Precise control over the migration of T cells and B cells to and from germinal centres (GCs) is crucial for effective humoral immunity. In particular, appropriate GC recruitment, retention and provision of help by T follicular helper (TFH) cells are required to support GC B cell proliferation and differentiation. A recent study in Science shows that ephrin B1 (EFNB1) limits the retention of TFH cells in GCs and yet promotes the production of IL-21 to support GC maintenance and plasma cell formation.

Credit: David R. Frazier Photolibrary, Inc./Alamy

First, the authors noted that EFNB1 — which is best known for its role in guiding cell migration during development — is expressed at much higher levels on GC B cells than on naive B cells. However, wild-type mice reconstituted with B cells lacking EFNB1 did not show any impairment in GC formation or TFH cell development in the draining lymph nodes 5 days after antigenic stimulation. However, at 7 days after stimulation, there were marked differences in the follicular and GC distribution of TFH cells in the absence of B cell-expressed EFNB1 — in particular, more TFH cells were found in GCs containing EFNB1-deficient B cells. Close tracking of TFH cells in the two groups of mice using intravital microscopy revealed that TFH cells entered the EFNB1-deficient GCs with a slightly increased frequency and left with a markedly reduced frequency, leading to an accumulation of TFH cells in the absence of EFNB1.

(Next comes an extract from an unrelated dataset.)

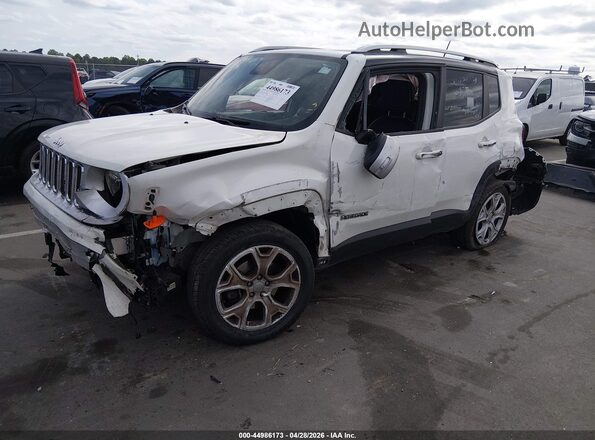 ZACCJBDB6JPH85587 2018 JEEP RENEGADE White Передня ліва чверть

Next, the authors tested whether EFNB1 might limit the retention of TFH cells in GCs by disrupting antigen-specific T cell–B cell adhesion. Indeed, pre-activated T cells were less efficient in adhering to antigen-presenting B cells that expressed a high level of EFNB1 than to control B cells. Conversely, in a competitive GC reaction, EFNB1-deficient B cells more efficiently interacted with TFH cells. To better understand the mechanism of EFNB1-mediated repulsion of GC TFH cells, the authors used short hairpin RNA (shRNA) to knock down the expression of the T cell-expressed EFNB1 receptors EPHB4 and EPHB6. EPHB6 knockdown, but not EPHB4 knockdown, led to an accumulation of TFH cells in the GCs, which suggests that EPHB6 mediates EFNB1-dependent repulsion of TFH cells.

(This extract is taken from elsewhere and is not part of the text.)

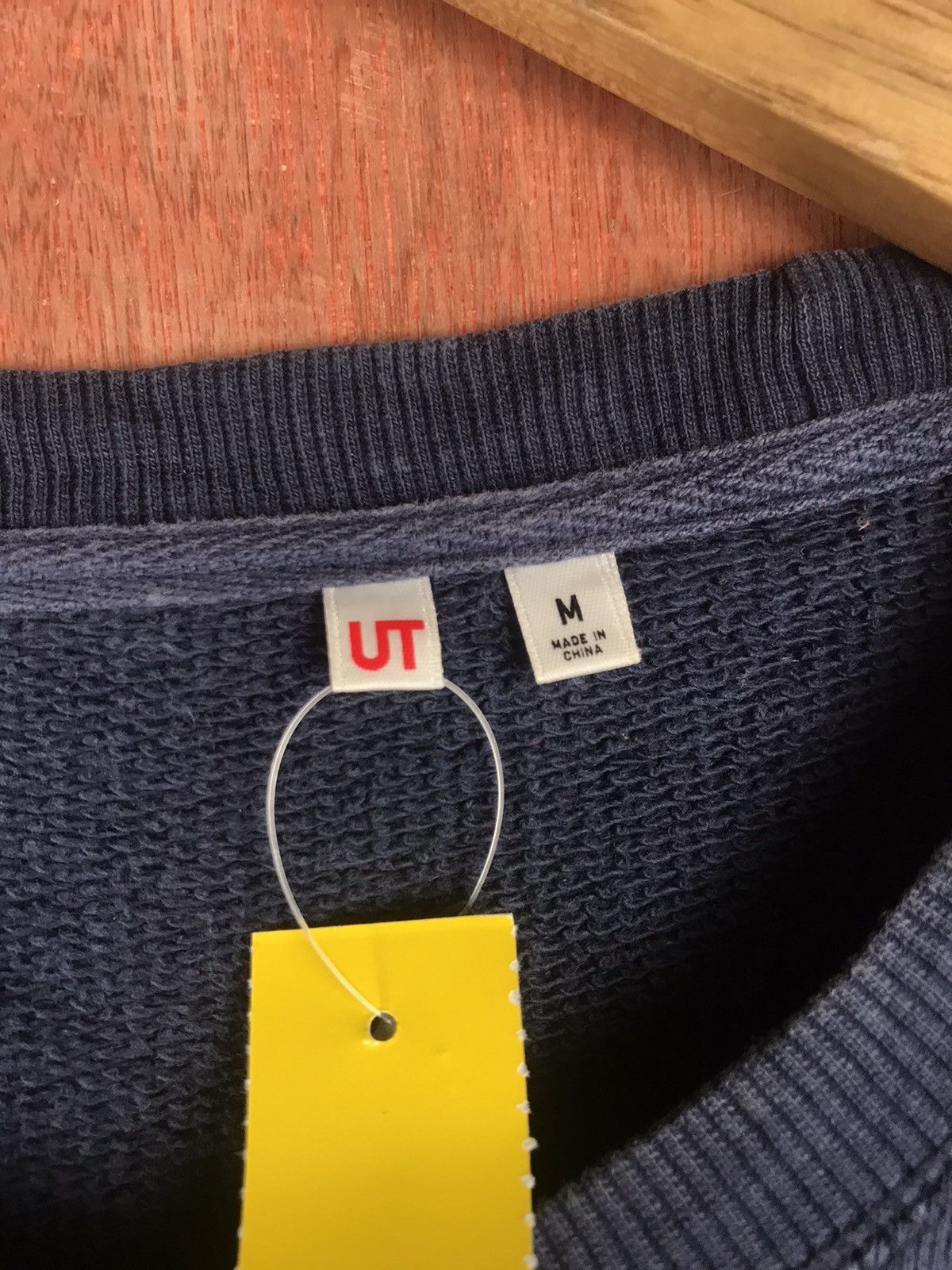 Japanese Brand DLL Uniqlo X Weellen Surf Sweatshirt #2726 Size US M / EU 48-50 / 2 - 5 Thumbnail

more TFH cells were found in GCs containing EFNB1-deficient B cells

Contrary to expectation, the prolonged GC residence of TFH cells occurring in the absence of the EFNB1–EPHB6 axis did not result in improved GC responses. Instead, the abundance of plasma cells in the spleen and bone marrow was reduced, which was accompanied by a decrease in serum antibody affinity for antigen. These defects were shown to be due to reduced levels of the TFH cell-derived cytokine IL-21, which drives plasma cell development; TFH cells from EFNB1-deficient GCs produced less IL-21 than those from control GCs. Knockdown of EFNB1 receptor expression indicated that EPHB4 is the receptor that transmits EFNB1 signals to stimulate IL-21 production by TFH cells in the GC.

The combination of negative regulation of GC residence and positive regulation of effector functions of TFH cells by EFNB1 seems counterintuitive, but the authors suggest that it may be a mechanism to ensure that the potentially dangerous GC reaction is productive but self-limiting.